# My halloween soundtrack songs



## samhaynes (May 27, 2012)

Hi everyone
I write music for Halloween. I am trying to push the boundaries and mix new styles with traditional sounding horror and haunt music. Please give it a listen - 
I have just released a new album and would love to know what you think of them
you can stream my new songs here

https://samhaynes1.bandcamp.com/album/the-incredible-dark-carnival-halloween-2015-horror-music

or listen to some on youtube too













Thanks, Sam:jol:


----------



## Howlinmadjack (Jul 20, 2009)

Very cool!! I love the dark sinister aspect of the songs. I especially like the boneyard track!!


----------



## RoxyBlue (Oct 6, 2008)

Nice work as always, sam! Very moody and (as Jack noted) sinister feel to these tracks.

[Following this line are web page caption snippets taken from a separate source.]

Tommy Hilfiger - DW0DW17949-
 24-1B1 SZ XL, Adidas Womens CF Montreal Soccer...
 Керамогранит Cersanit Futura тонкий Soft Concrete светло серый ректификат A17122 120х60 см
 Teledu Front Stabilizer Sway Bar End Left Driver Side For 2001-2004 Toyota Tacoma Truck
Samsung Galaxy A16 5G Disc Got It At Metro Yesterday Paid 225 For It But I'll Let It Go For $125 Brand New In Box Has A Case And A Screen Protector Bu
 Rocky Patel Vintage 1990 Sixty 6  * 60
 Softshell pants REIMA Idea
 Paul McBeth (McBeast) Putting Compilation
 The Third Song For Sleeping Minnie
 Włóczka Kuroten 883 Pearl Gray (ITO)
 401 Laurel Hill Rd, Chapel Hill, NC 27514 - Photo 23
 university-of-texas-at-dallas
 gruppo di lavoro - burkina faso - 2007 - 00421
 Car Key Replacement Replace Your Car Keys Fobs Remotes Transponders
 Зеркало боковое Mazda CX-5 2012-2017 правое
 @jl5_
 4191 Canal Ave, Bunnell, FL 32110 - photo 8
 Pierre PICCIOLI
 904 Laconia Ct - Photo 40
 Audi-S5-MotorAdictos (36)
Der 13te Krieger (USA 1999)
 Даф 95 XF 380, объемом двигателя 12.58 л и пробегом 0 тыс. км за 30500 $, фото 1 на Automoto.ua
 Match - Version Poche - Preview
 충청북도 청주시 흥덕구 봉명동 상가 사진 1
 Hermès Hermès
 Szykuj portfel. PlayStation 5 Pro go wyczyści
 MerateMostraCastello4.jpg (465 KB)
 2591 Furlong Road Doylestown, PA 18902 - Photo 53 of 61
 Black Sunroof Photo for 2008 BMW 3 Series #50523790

You might consider trying out the parade track without the drum or perhaps try it with a deep bass drum sound. There's a brooding feel to the other instrumental voices used and the drum doesn't seem to quite fit that mood, at least to my ear.


----------



## bobzilla (Nov 13, 2008)

Very nice!
All creepy and sh**


----------



## deadSusan (Jun 26, 2013)

Atmospheric! Really nice.


----------



## samhaynes (May 27, 2012)

Thanks for listening and giving some feedback Jack, bob, susan and roxyblue appreciate it. Glad you like them. I might revisit parade at some point. I was trying to get a 70s sound to the drum with it, but i like your suggestion!


----------



## highbury (Nov 5, 2009)

I'm with Howlin Mad Jack - _Boneyard_ is amazing. I love my haunt music to be dark and I love my haunt music to be ambient, and I really like how you've taken that track away from the drum & bass feel and gone deeper into the ambient atmospherics. I could listen to that track all night. Great stuff again, Sam!!


----------